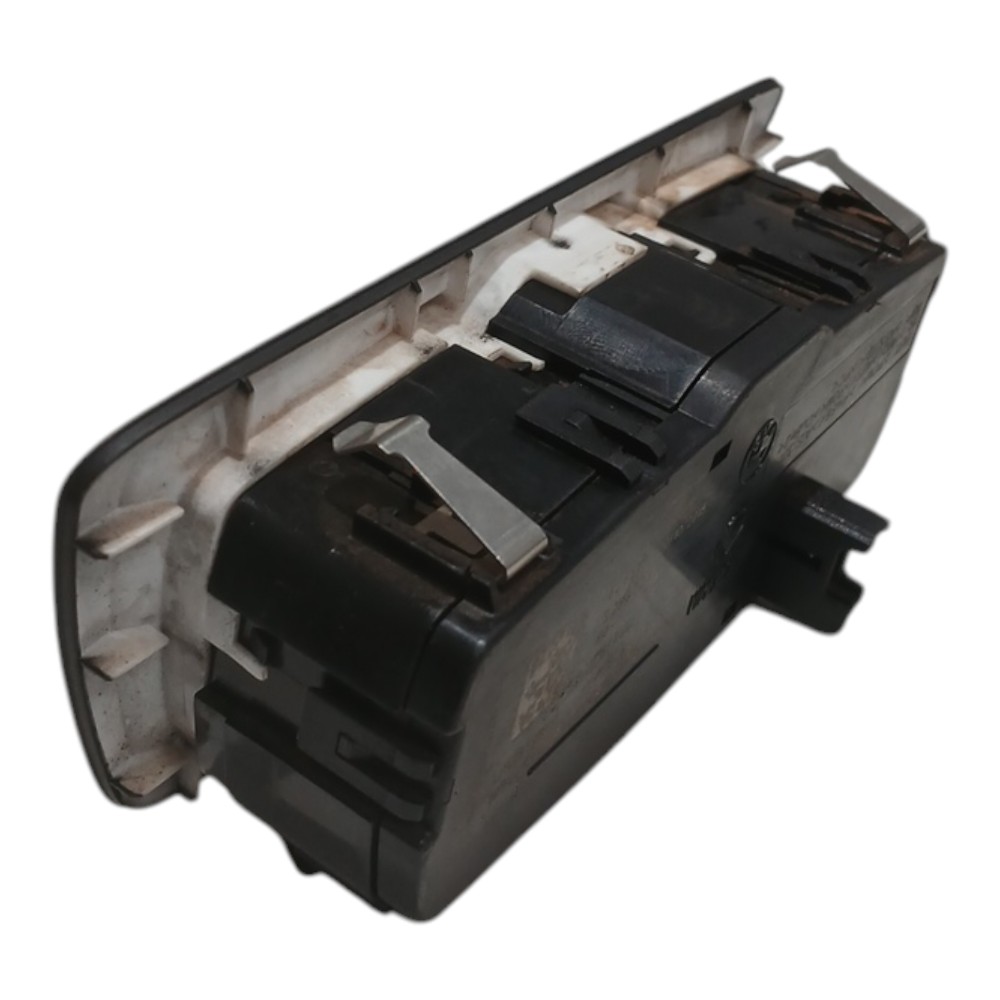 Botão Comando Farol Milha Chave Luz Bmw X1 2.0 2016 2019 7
---
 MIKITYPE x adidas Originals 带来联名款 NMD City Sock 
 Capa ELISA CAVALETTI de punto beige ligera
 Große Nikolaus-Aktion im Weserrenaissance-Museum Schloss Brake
--
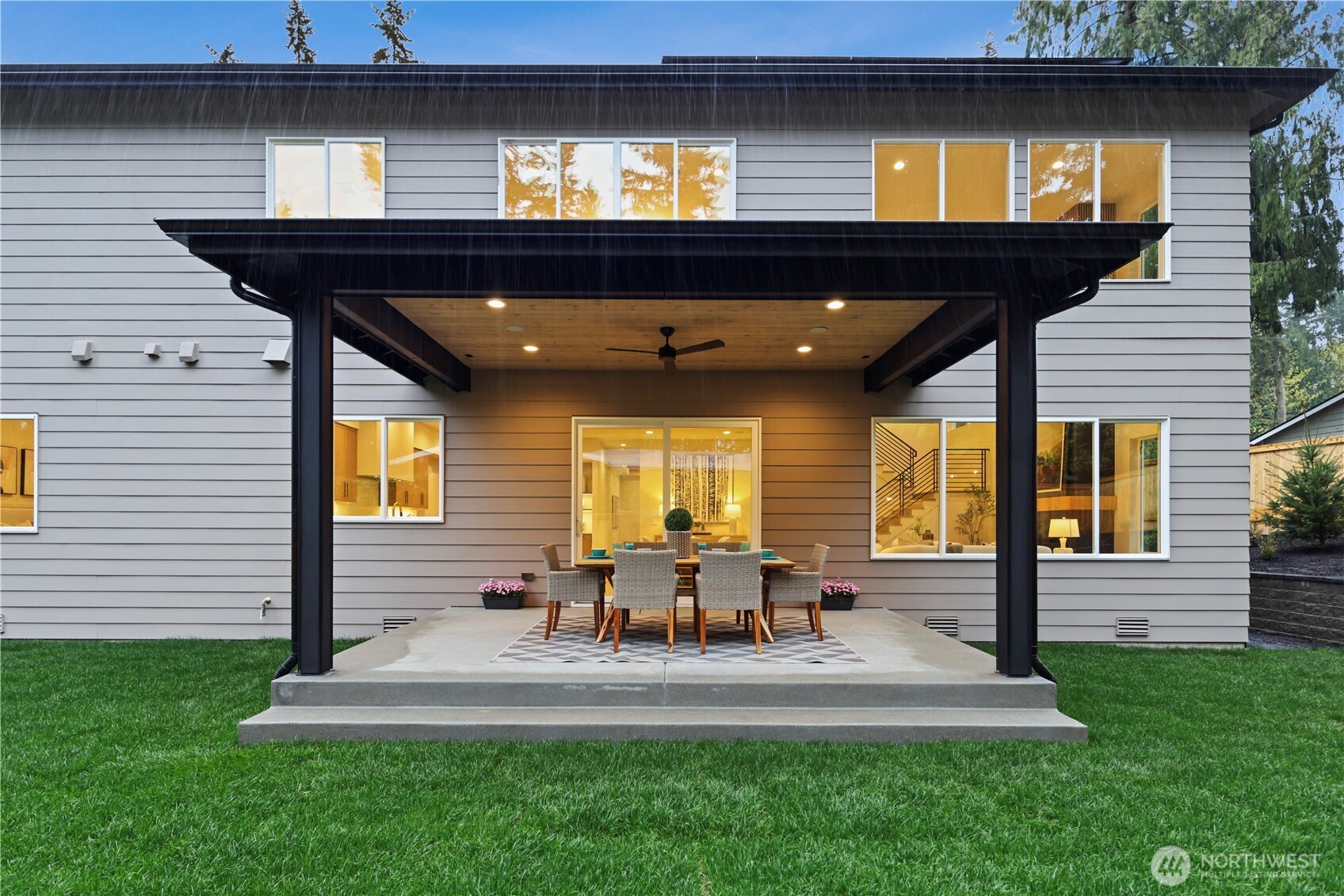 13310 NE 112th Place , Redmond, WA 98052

[WHAT IS REQUIRED]: What is asked for is an exact copy of the lines above from the one containing "Capa ELISA CAVALETTI de punto beige ligera" through the one containing "Große Nikolaus-Aktion im", and only those.

[FINISHED EXERCISE]:
 Capa ELISA CAVALETTI de punto beige ligera
 Große Nikolaus-Aktion im Weserrenaissance-Museum Schloss Brake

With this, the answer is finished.